The Atari57 suite of games is a long-standing benchmark to gauge agent performance across a wide range of tasks. This benchmark was proposed to test general competency of RL algorithms. Previous work has achieved good average performance by doing outstandingly well on many games of the set, but very poorly in several of the most challenging games.
Researchers have developed Agent57, the first deep reinforcement learning agent to obtain a score that is above the human baseline on all 57 Atari 2600 games. Agent57 combines an algorithm for efficient exploration with a meta-controller that adapts the exploration and long vs. short-term behaviour of the agent.
To achieve this result, the researchers train a neural network which parameterizes a family of policies ranging from very exploratory to purely exploitative. They propose an adaptive mechanism to choose which policy to prioritize throughout the training process.
Additionally, the researchers utilize a novel parameterization of the architecture that allows for more consistent and stable learning.

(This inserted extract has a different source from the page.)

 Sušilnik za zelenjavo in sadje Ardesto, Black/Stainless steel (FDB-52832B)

DeepMind's Agent57 builds on our previous agent Never Give Up, and instantiates an adaptive meta-controller that helps the agent to know when to explore and when to exploit, as well as what time-horizon it would be useful to learn with. A wide range of tasks will naturally require different choices of both of these trade-offs, therefore the meta-controller provides a way to dynamically adapt such choices.
However, while this enabled Agent57 to achieve strong general performance, it takes a lot of computation and time; the data efficiency can certainly be improved.

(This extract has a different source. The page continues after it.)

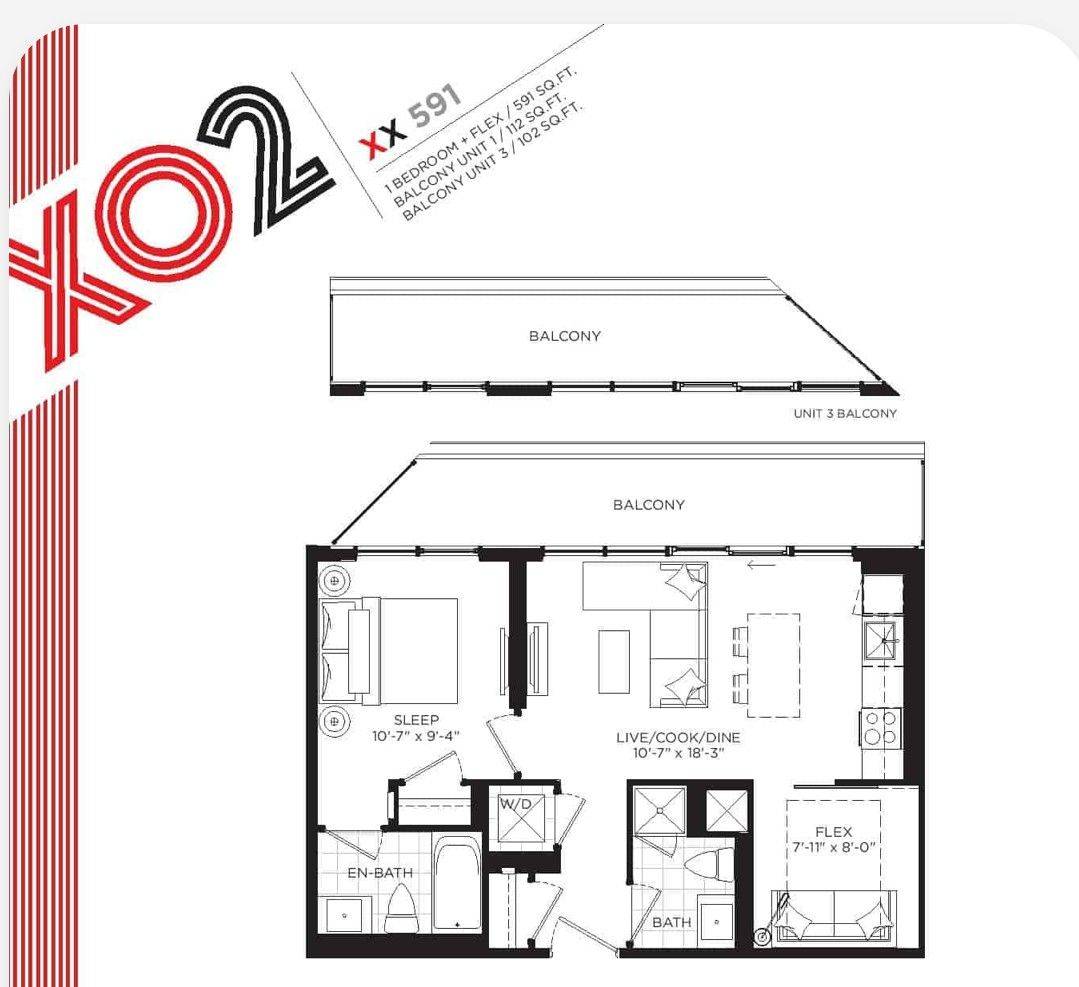 Toronto W01, ON M6K 0J2,285 Dufferin ST #1103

Additionally, this agent shows better 5th percentile performance on the set of Atari57 games. This by no means marks the end of Atari research, not only in terms of data efficiency, but also in terms of general performance.
The researchers offer two views on this: firstly, analyzing the performance among percentiles gives them new insights on how general algorithms are. While Agent57 achieves strong results on the first percentiles of the 57 games and holds better mean and median performance than previous agents NGU or R2D2, it could still obtain a higher average performance.
Secondly, all current algorithms are far from achieving optimal performance in some games. To that end, key improvements to use might be enhancements in the representations that Agent57 uses for exploration, planning, and credit assignment.